The Complainant argues that Woodman's decision to place her on a "restricted hours" salary schedule constituted discrimination against her because of her religion. However, as the Administrative Law Judge pointed out, the decision was not because of Green's religion but because of her unavailability for work on certain hours and certain days. Any employe who was unable to work Tuesday and Thursday evenings and Sunday mornings (or any other such pattern of restrictions) for whatever reason, relating to religious observance or not, would be placed on the R-2 salary schedule. A policy, that employes who will not make themselves available for work assignments at particular times will be paid less than employes who will make themselves available, is completely neutral in terms of religion and does not constitute discrimination because of religious creed.

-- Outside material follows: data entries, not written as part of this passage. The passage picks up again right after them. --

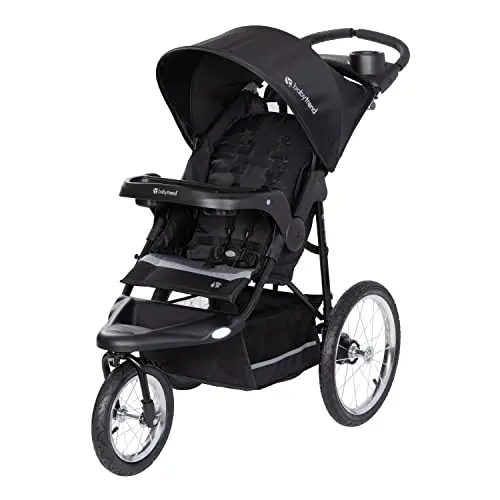 Baby Trend Expedition Jogger stroller in Dash Black on an uneven trail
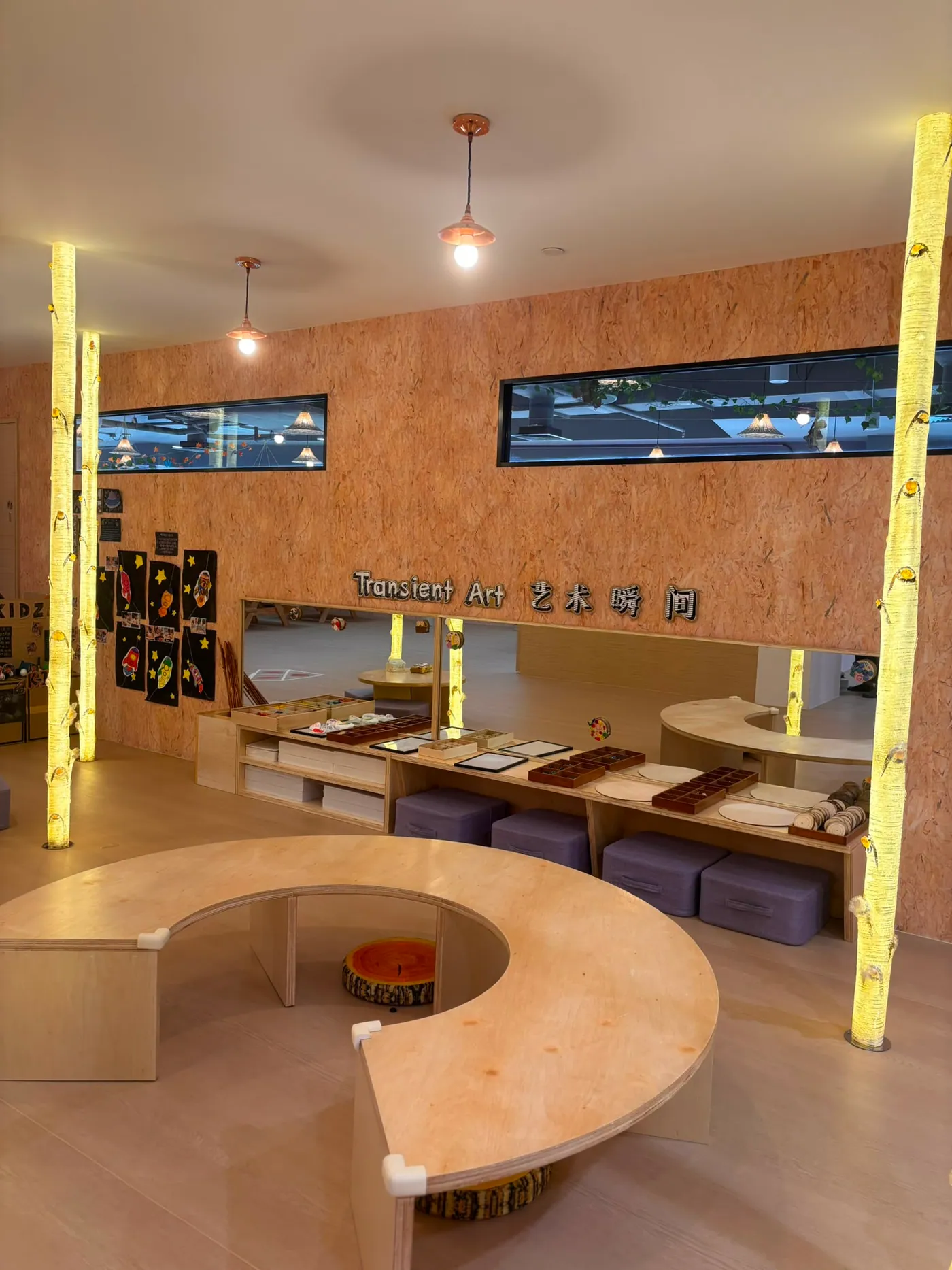 A serene loose-parts art studio with glowing birch columns and round plywood seating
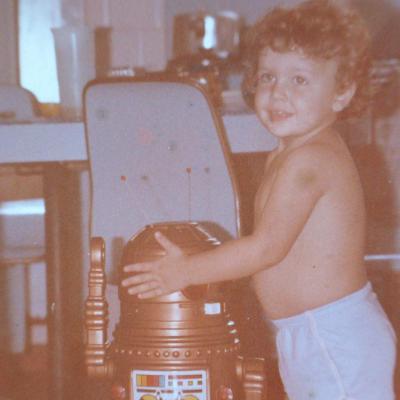 A small child with curly hair, smiling, hands on the lifted lid of a toy robot taller than they are. The robot is the original Ar-tur: brown plastic body, control panel on the chest, antenna up.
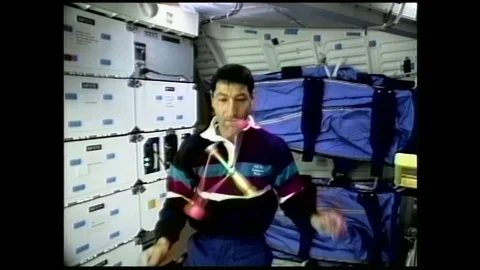 1990s: astronaut in zero gravity releases and spins clacker ball toy in air, it Stock Footage 129277854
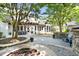 Expansive backyard featuring a patio, fire pit, and landscaping, perfect for outdoor living at 3513 Forest Oaks Dr, Chapel Hill, NC 27514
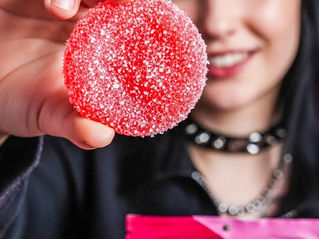 A vertical lifestyle photograph featuring a woman with dark hair and a black choker against a vibrant pink background. She is holding a single, sugar-coated red watermelon gummy in sharp focus in the foreground, while her other hand holds a pink Do Drops Focus 1:1:1 CBG:THC:THCV package. The lighting is high-energy and bright, with the woman's facial features softly blurred in the background to maintain focus on the product texture.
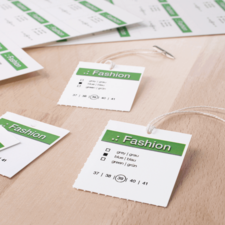 Modeetiketten mit Größenangaben und Farboptionen in grünem und weißem Design auf einem Holzuntergrund.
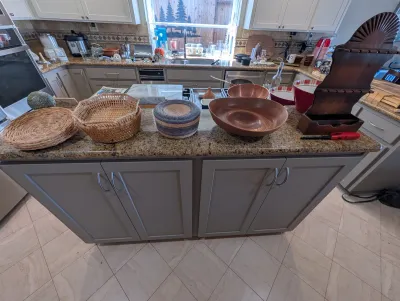 Assorted kitchenware and home decor items, including woven baskets, a large wooden bowl, and a vintage wooden wall shelf, displayed on a...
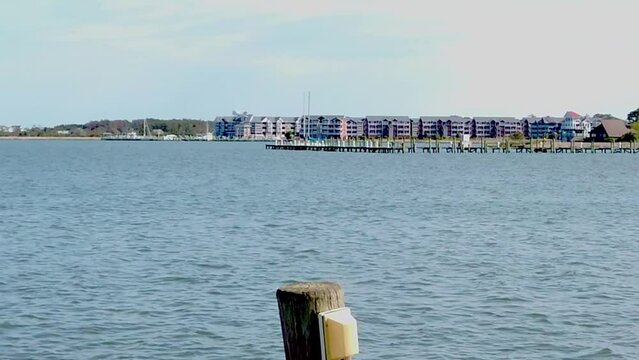 Right To Left Pan of Ocean Town To Reveal a Small Light House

While the statute imposes an obligation on employers to engage in reasonable accommodation of prospective employes' religious observances and practices unless the employer can demonstrate that the accommodation would pose an undue hardship on the employer's program, enterprise or business, no violation of this requirement was demonstrated here. For one thing, the very existence of an R-2 salary schedule, providing for and allowing the employment of persons who could selectively restrict their availability as they chose, in fact made it possible for persons such as Green to maintain employment while still engaging in all of the religious observances required by their faith. This distinguishes this case from the vast majority of religious accommodation disputes, in which an employer refuses to allow an employe to alter their schedule. For another thing, the pay practices here, which are neutral on their face with respect to religion and religious observance, are provided for in a collective bargaining agreement. Woodman's simply could not have paid Green more than it did, while still allowing her to dictate her own schedule, without violating that collective bargaining agreement. This would constitute an undue hardship.

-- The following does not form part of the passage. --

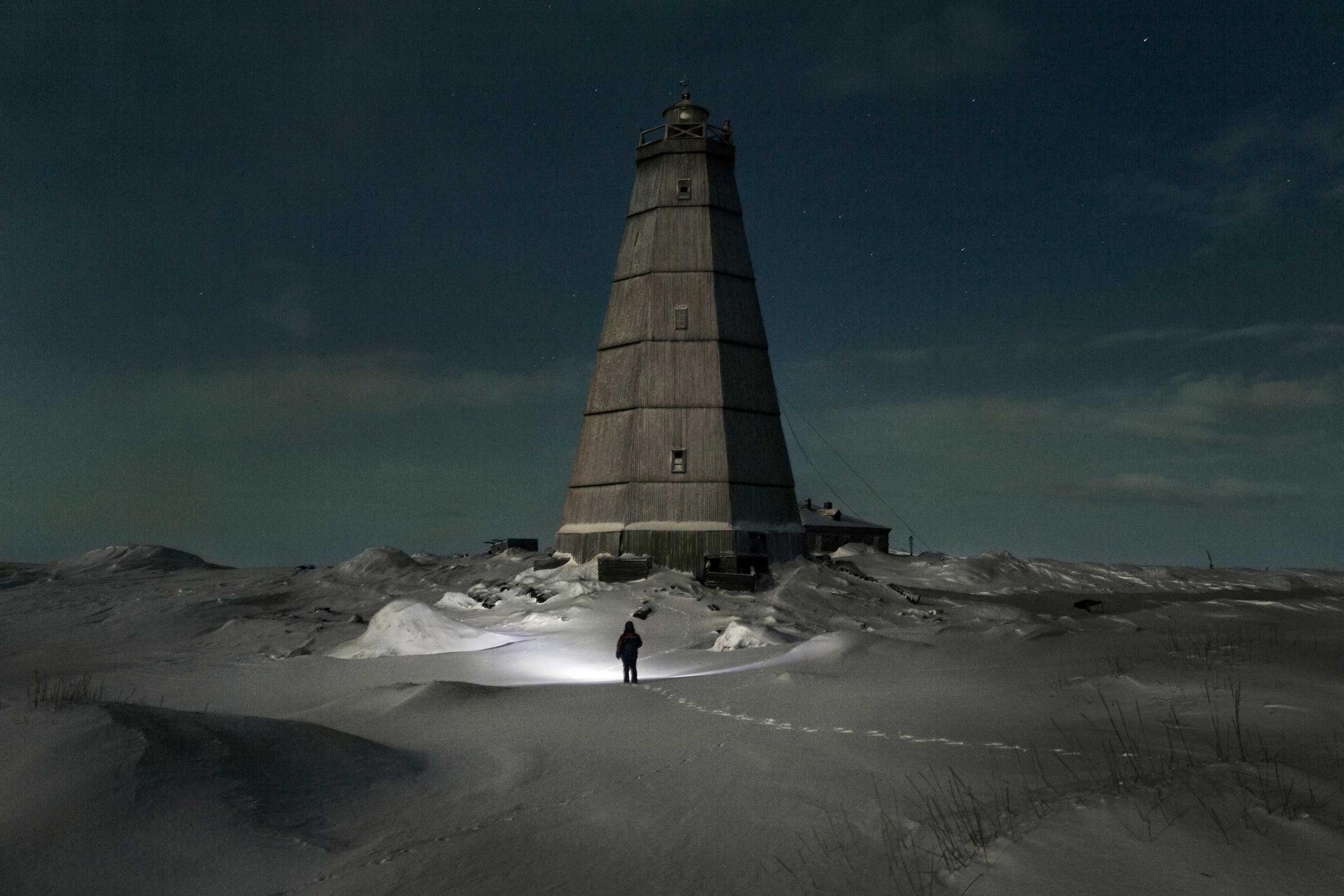 Slava walks to the old lighthouse near Hodovarikha meteorological station to take (dismantle) some fire wood from it’s walls. Full moon.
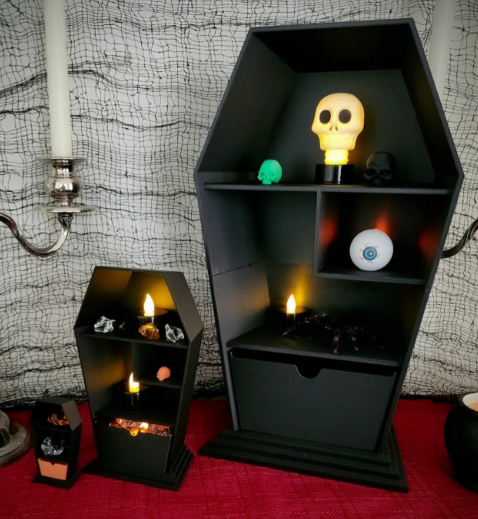 3D printed coffin shelves in two sizes styled with crystals and candles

NOTE: The Commission had no material disagreement with the Administrative Law Judge's findings of fact, and substituted its own findings of fact principally in order to more fully set forth the basis on which the Commission arrived at the same conclusion as the Administrative Law Judge. Additionally, the Commission considered it advisable to correct a suggestion in the findings of fact to the effect that Green suffered a "cut in pay." In fact, Green's pay was never cut; she was simply hired, as an initial matter, onto the R-2 salary schedule. Finally, the Commission wished to delete numerous findings of fact as to what various witnesses testified to, and to substitute therefor findings of fact actually adopting the substance of the testimony. When a witness offers testimony at hearing on a material issue, a finding of fact that "the witness testified . . ." is unsatisfactory, since it merely describes what happened at the hearing and does not resolve the question, of whether what the witness testified to is considered by the trier of fact to be true. Where a witness has testified as to a matter and the Administrative Law Judge accepts the testimony as true, it is preferable for the finding of fact to simply recite the substance of the witness's testimony as a fact found by the Administrative Law Judge.